> _Prompt_
A verbatim copy of the records below, pictures omitted, is the task.

> _Data supplied_
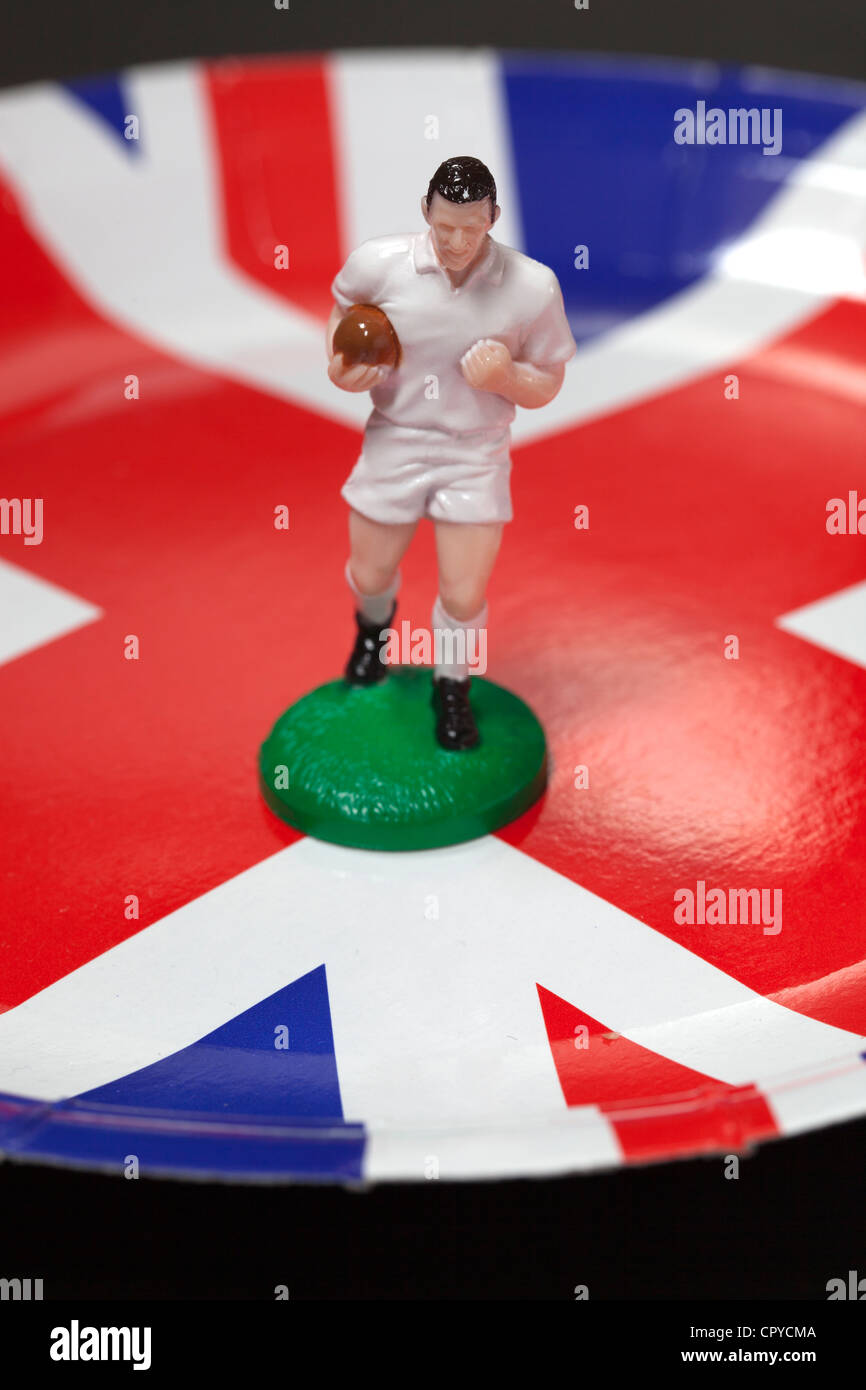 Modell-Rugby-Spieler auf Union Jack-Hintergrund Stockfoto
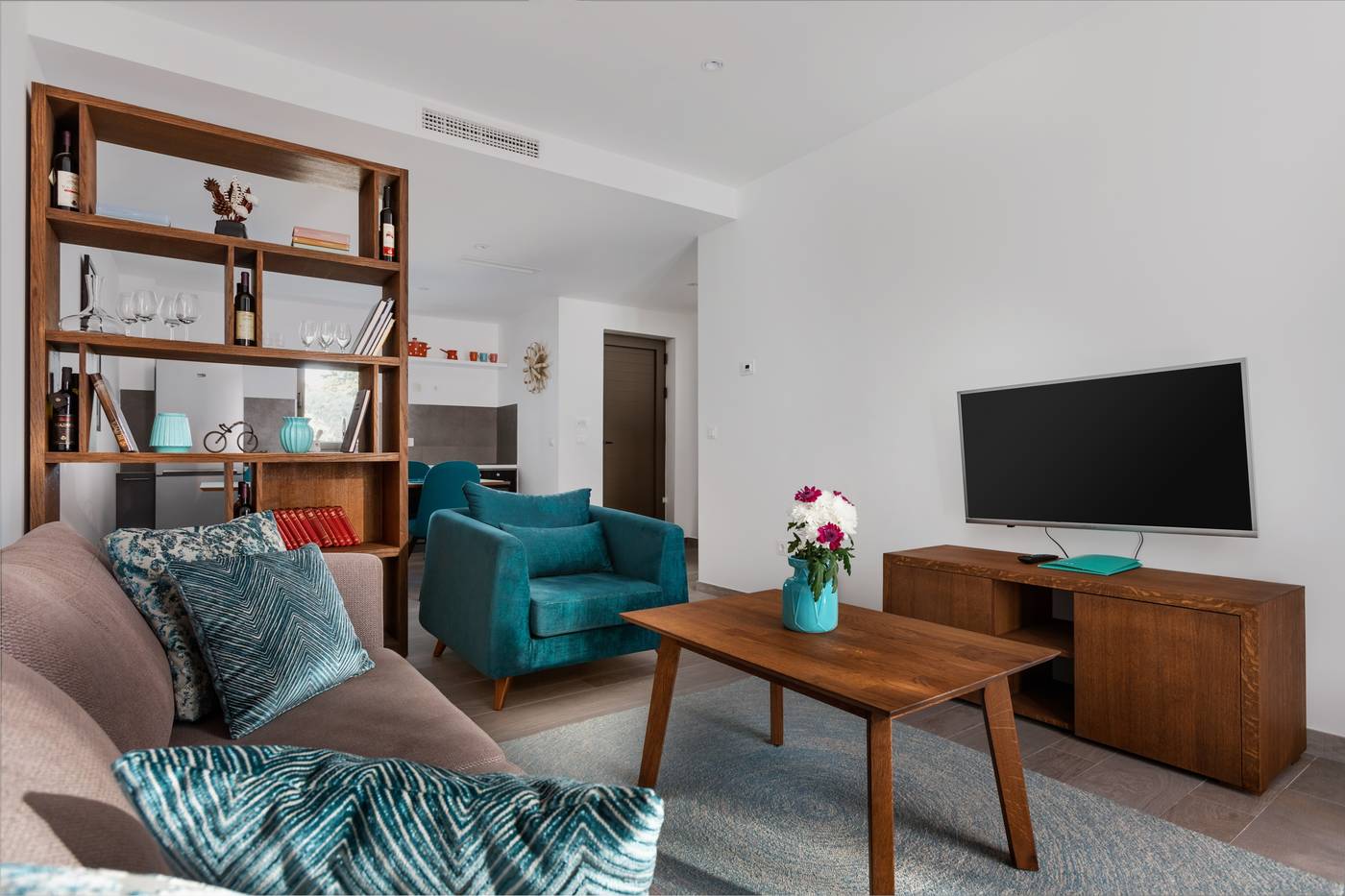 ELEVEN-Montenegro-Petrovac-Room-7
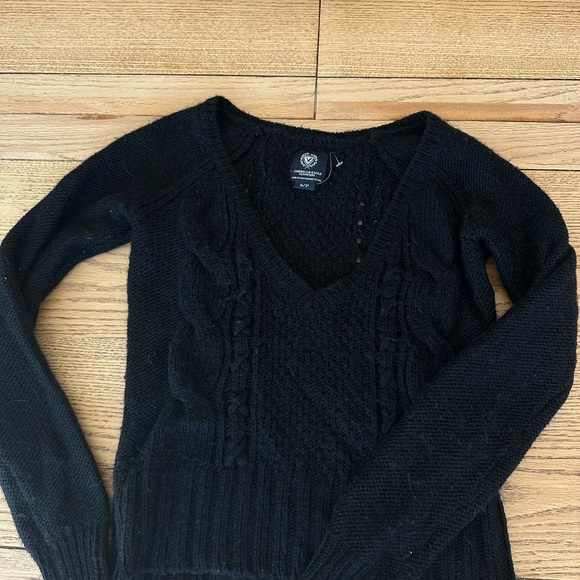 Soft cropped cable knit black fall sweater - Picture 1 of 8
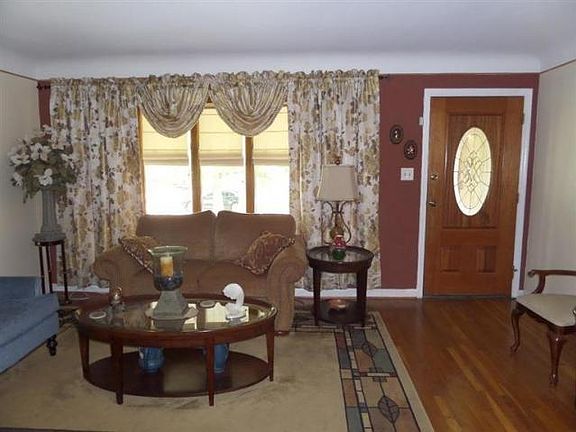 2nd image of 8711 Monsanto Dr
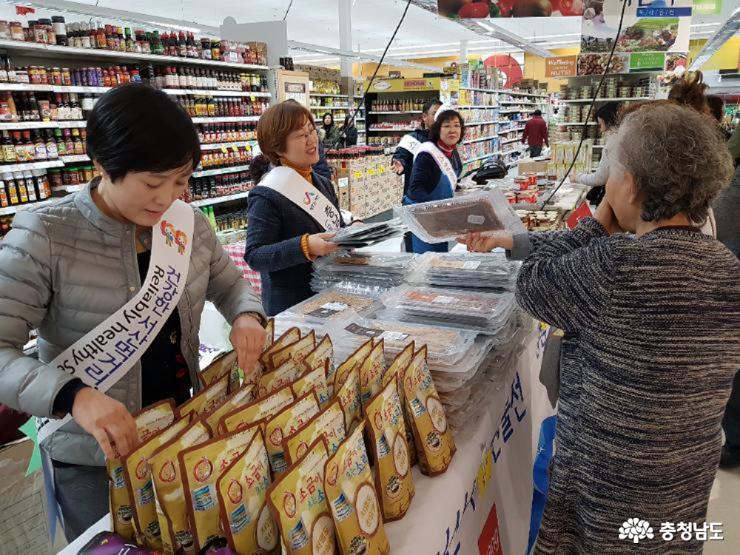 A sales booth at the largest Korean American festival in the U.S.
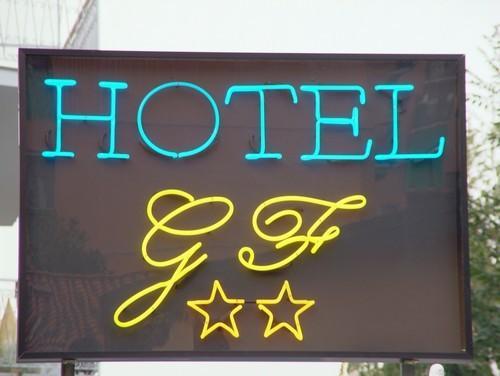 Hotel Gf チェザーノ・ボスコーネ エクステリア 写真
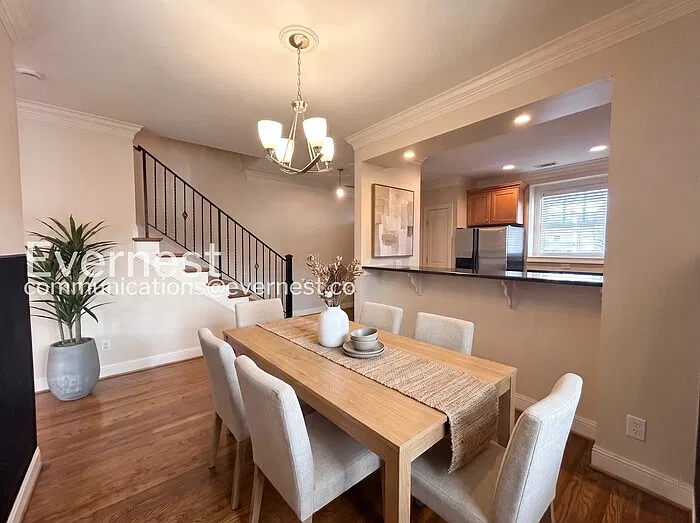 2 bed, 2.5 bath, 1547 sqft, $2,495 — Photo 3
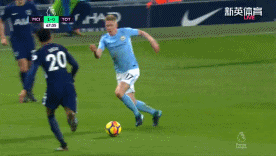 世体：梅西在进入诺坎普前没联系巴萨的任何人请求许可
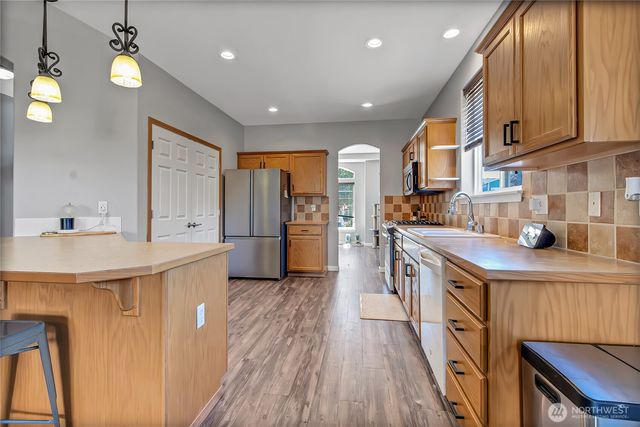 15334 104th Avenue SE, Yelm, WA 98597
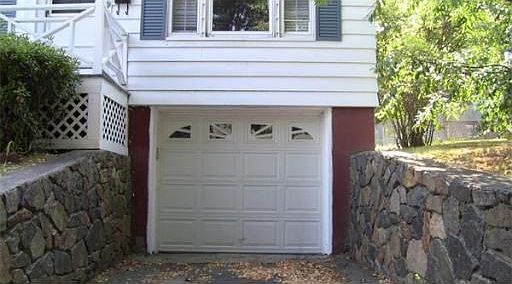 2nd image of 52 Holly Ave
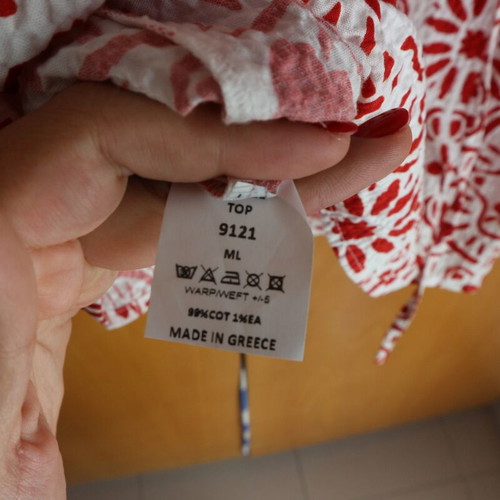 Arpyes shirt like new, medium/large, white and red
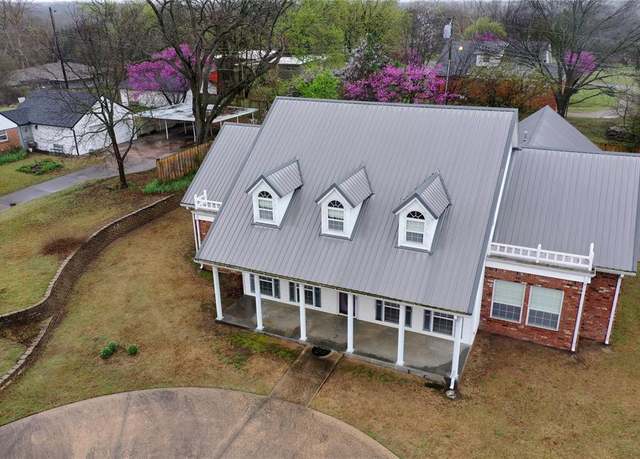 Property at 701 E Broadway Ave, Sulphur, OK 73086, 4 beds, 3.5 baths
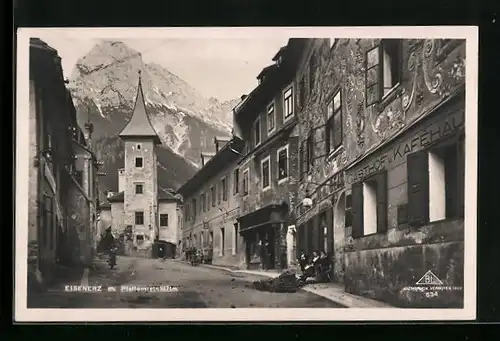 AK Eisenerz, Strassenpartie mit Gasthof-Café und Plattenstein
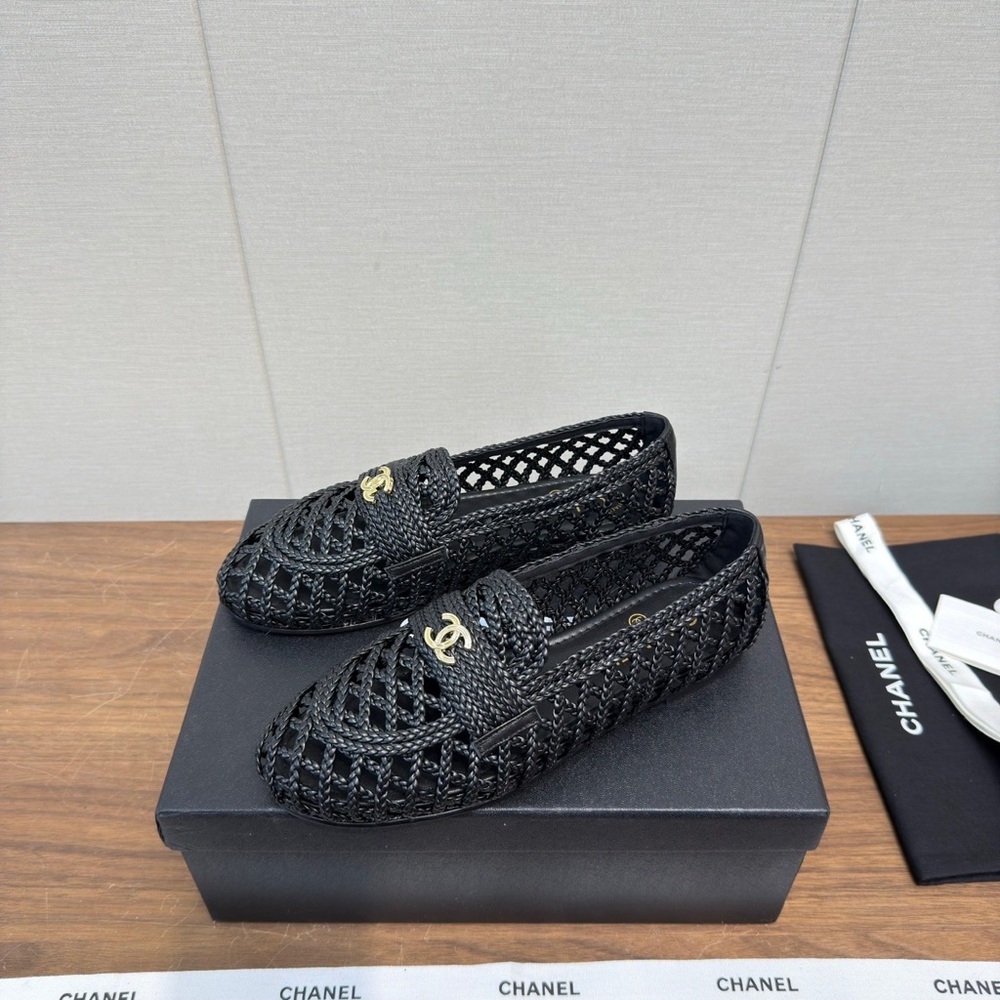 CHANEL Loafers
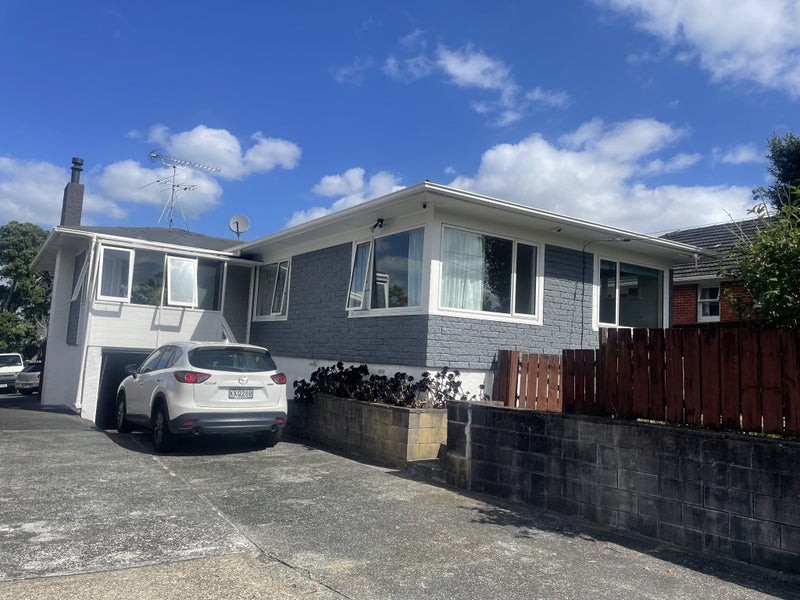 1/213 Sunnynook Road, Wairau Valley, Auckland - Carousel 1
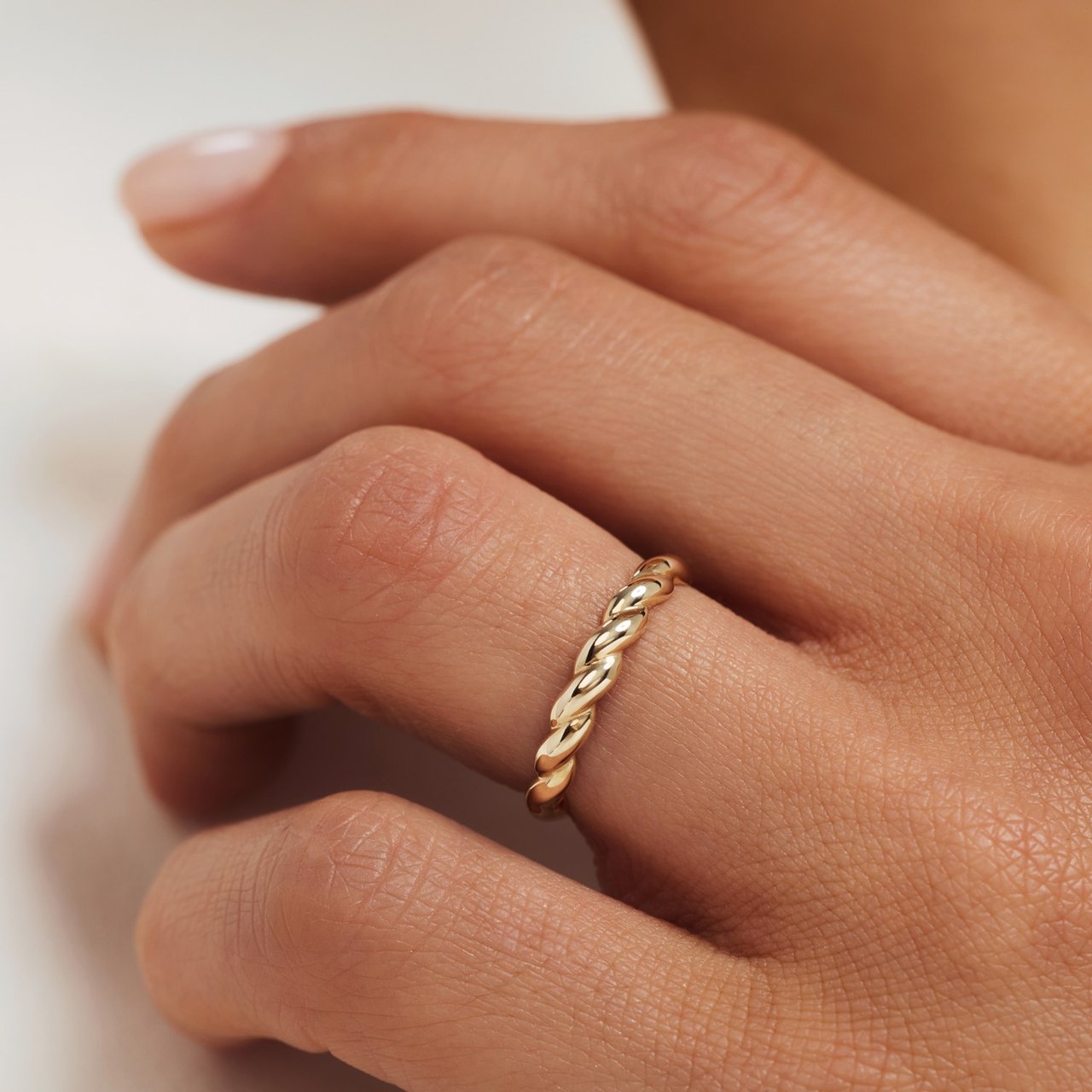 Isabel Bernard Rivoli Laurance Ring met Zirkonia Goud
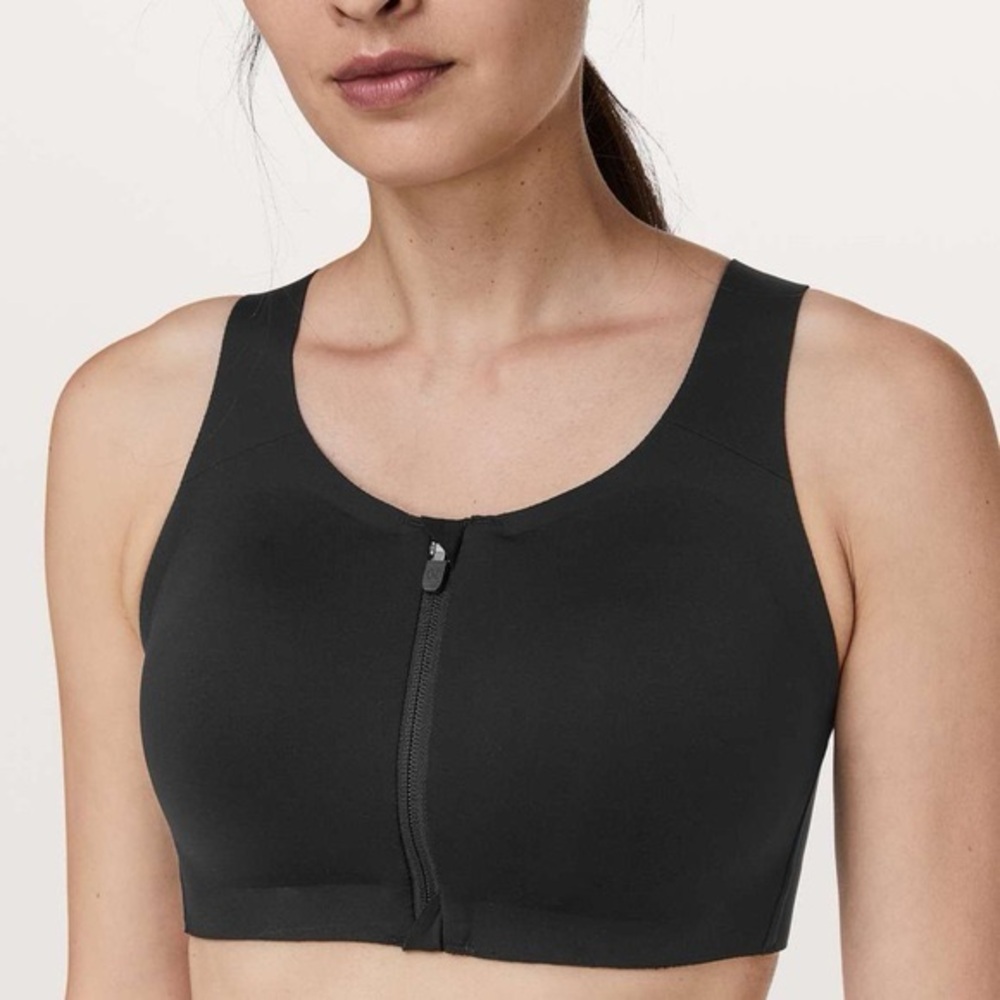 NWT : Lululemon athletica Black Zip-Front Bra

> _Solution for this exercise_
 Modell-Rugby-Spieler auf Union Jack-Hintergrund Stockfoto
 ELEVEN-Montenegro-Petrovac-Room-7
 Soft cropped cable knit black fall sweater - Picture 1 of 8
 2nd image of 8711 Monsanto Dr
 A sales booth at the largest Korean American festival in the U.S.
 Hotel Gf チェザーノ・ボスコーネ エクステリア 写真
 2 bed, 2.5 bath, 1547 sqft, $2,495 — Photo 3
 世体：梅西在进入诺坎普前没联系巴萨的任何人请求许可
 15334 104th Avenue SE, Yelm, WA 98597
 2nd image of 52 Holly Ave
 Arpyes shirt like new, medium/large, white and red
 Property at 701 E Broadway Ave, Sulphur, OK 73086, 4 beds, 3.5 baths
 AK Eisenerz, Strassenpartie mit Gasthof-Café und Plattenstein
 CHANEL Loafers
 1/213 Sunnynook Road, Wairau Valley, Auckland - Carousel 1
 Isabel Bernard Rivoli Laurance Ring met Zirkonia Goud
 NWT : Lululemon athletica Black Zip-Front Bra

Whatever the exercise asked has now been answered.